Di rumah-rumah yang telah diijinkan Allah untuk dimuliakan dan disebut nama-Nya di dalamnya, pada waktu pagi dan waktu petang, [An Nur:36] 

Orang yang mengenal jati dirinya masih dapat disesatkan jalannya untuk mengenal Allah, sedangkan orang yang membangun kasih sayang lebih sulit untuk disesatkan. Karena itulah syaitan akan menunjukkan kepada orang tertentu jati dirinya, tetapi merusak semua ikatan suami isteri orang-orang yang baik. Syaitan telah mengendus aspek keberpasangan manusia itu sejak penciptaan Adam dan Hawa, tetapi pengetahuannya tentang hal itu masih samar-samar. Agak sulit, atau mungkin syaitan tidak mempunyai pengetahuan yang cukup terhadap keberpasangan manusia yang demikian. 

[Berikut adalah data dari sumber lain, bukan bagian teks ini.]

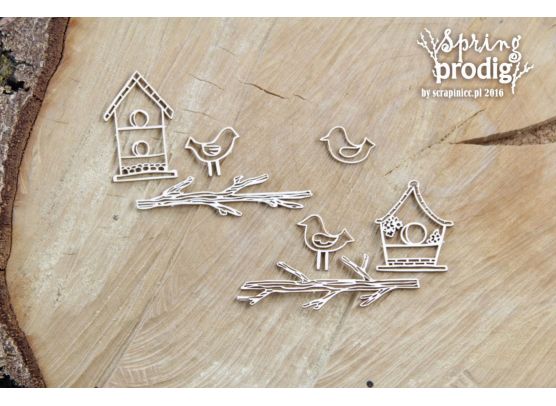 Scrapiniec Decorative Chipboard - Spring Prodigy - Birdavenue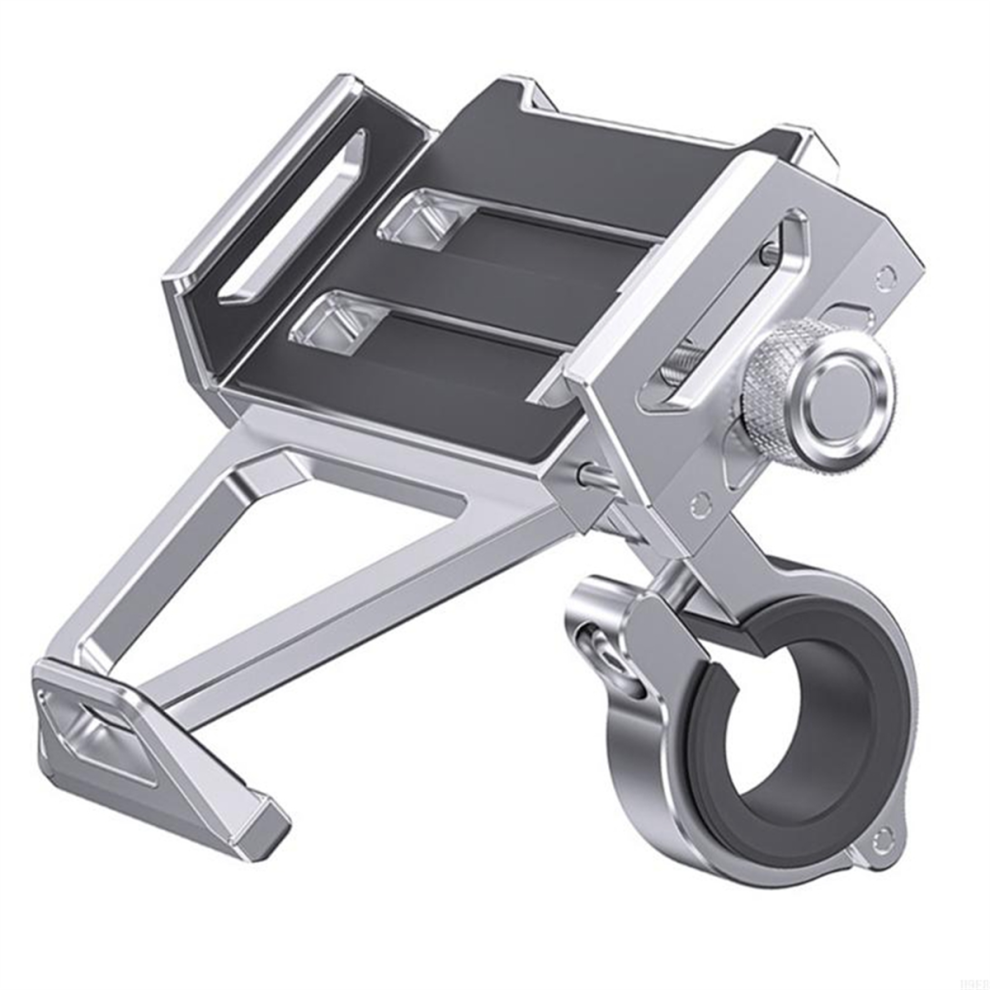 360 Degree Rotating Motorcycle Phone Holder Motorbike Handlebar Mount Quick Installation Stand Silver 4851371737769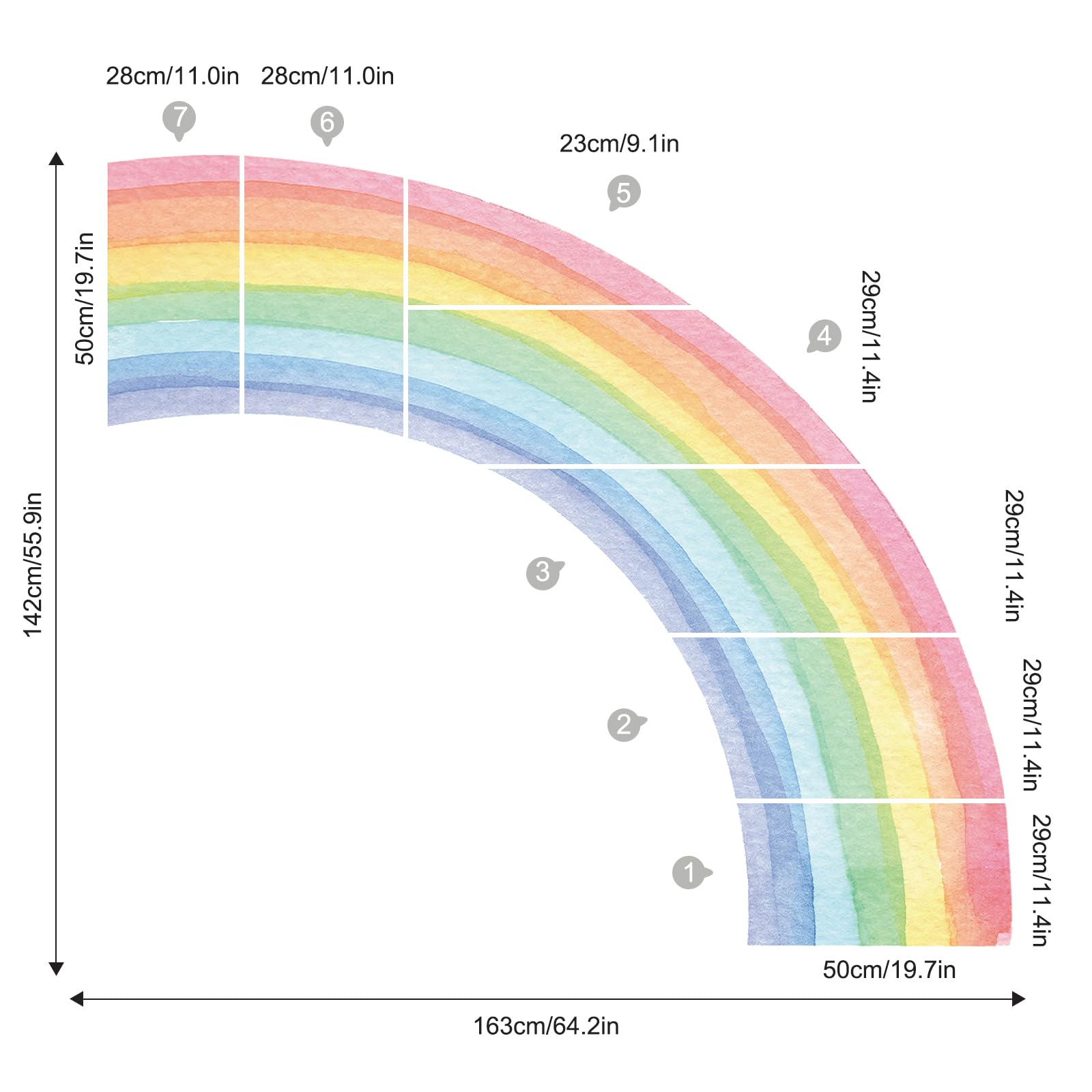 Supzone rainbow wall stickers are easy to apply with minimal bubbles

Keberpasangan tersebut merupakan media untuk menumbuhkan azimah. Isteri merupakan pembawa khazanah mulkiyah bagi suaminya, tetapi tidak diberi akal yang cukup kuat untuk memahami kehendak Allah. Suami diberi akal yang kuat untuk memahami kehendak Allah dan membimbing istrinya menuju surga. Sebenarnya bukan hanya istri yang dibimbing, tetapi seluruh khazanah yang dibawa istri juga akan memperoleh bimbingannya, selama istri tidak memisahkan diri atau terpisahkan dari suaminya. Syaitan akan berusaha sangat keras untuk memisahkan pasangan suami istri untuk memutuskan mengalirnya khazanah pengetahuan Ar-rahman Ar-rahim kepada alam mulkiyah. Itu merupakan sunnah yang diajarkan oleh rasulullah SAW.